Records for the exercise →
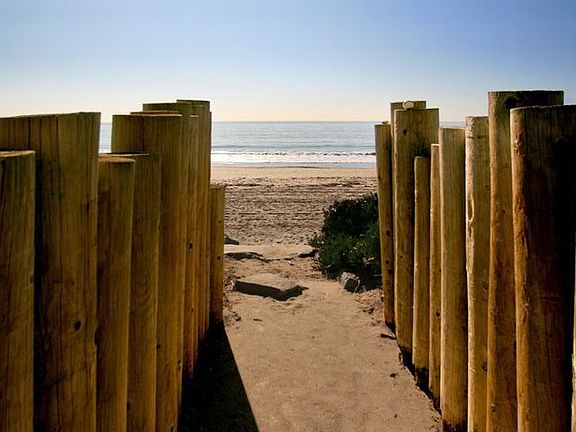 Walkway to private beach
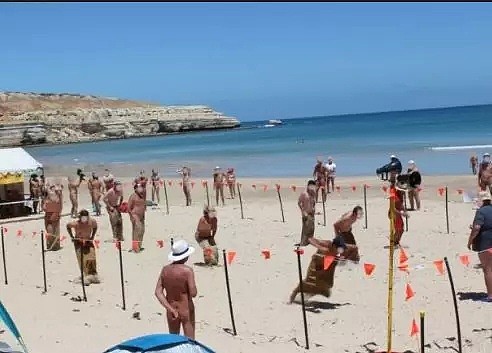上周，500澳洲人来到这个沙滩脱光光，只为选出“最棒屁股”！（组图） - 4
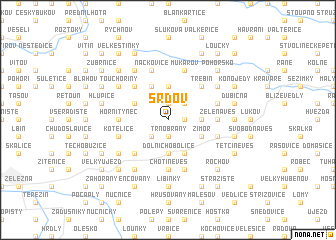 map of Srdov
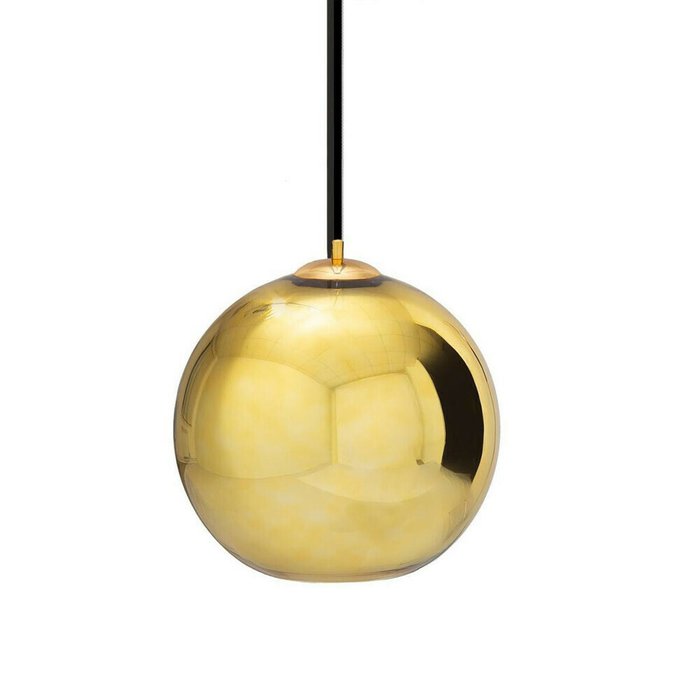 Подвесной светильник Copper Shade золотого цвета - купить Подвесные светильники по цене 6710.0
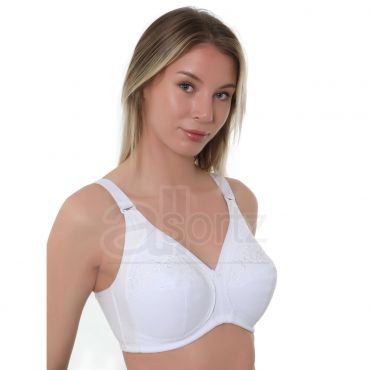 Ladies Gemm Cotton Rich Non Wired Bra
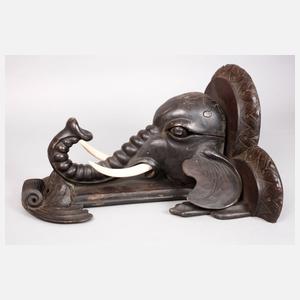 Wandkonsole Elefant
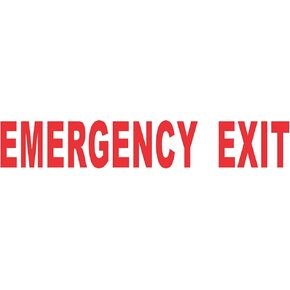 Emergency Exit Window/Door Decal Sticker 6.5" X 1"
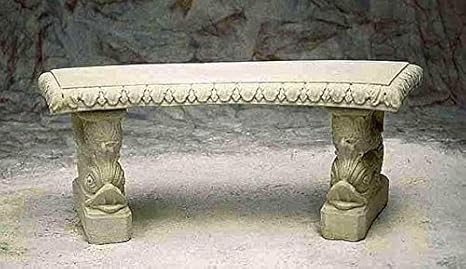 Amazon.de: pompidu-living - Steinbank mit Säulen für den Garten - Aus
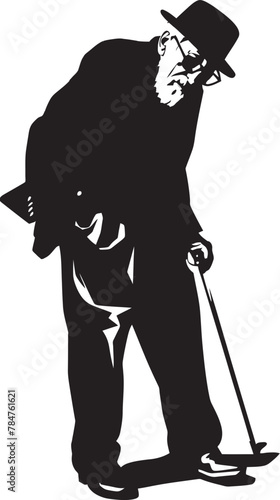 Dreary Guardian Symbol of Lingering Gloom Aging Anguish Emblematic Vector Icon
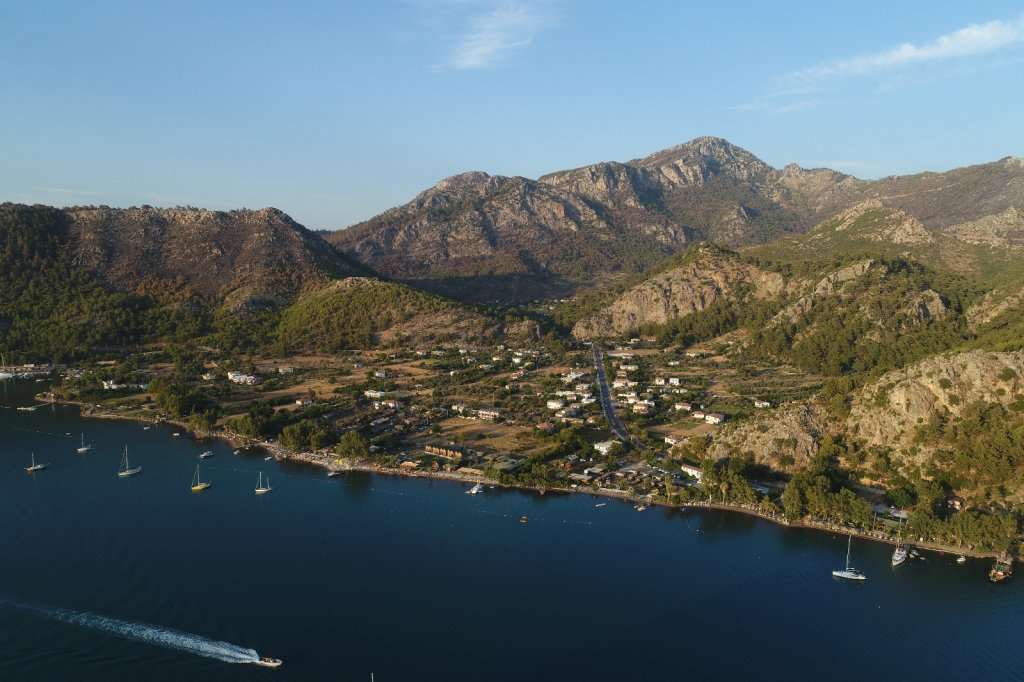 Yangının Acı Tablosu Marmaris’te Havadan Görüntülendi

What to work on → Within the entries above, the lines from the one with "Dreary Guardian Symbol" through the final line are to be printed exactly, with the pictures removed.

Problem solution →
 Dreary Guardian Symbol of Lingering Gloom Aging Anguish Emblematic Vector Icon
 Yangının Acı Tablosu Marmaris’te Havadan Görüntülendi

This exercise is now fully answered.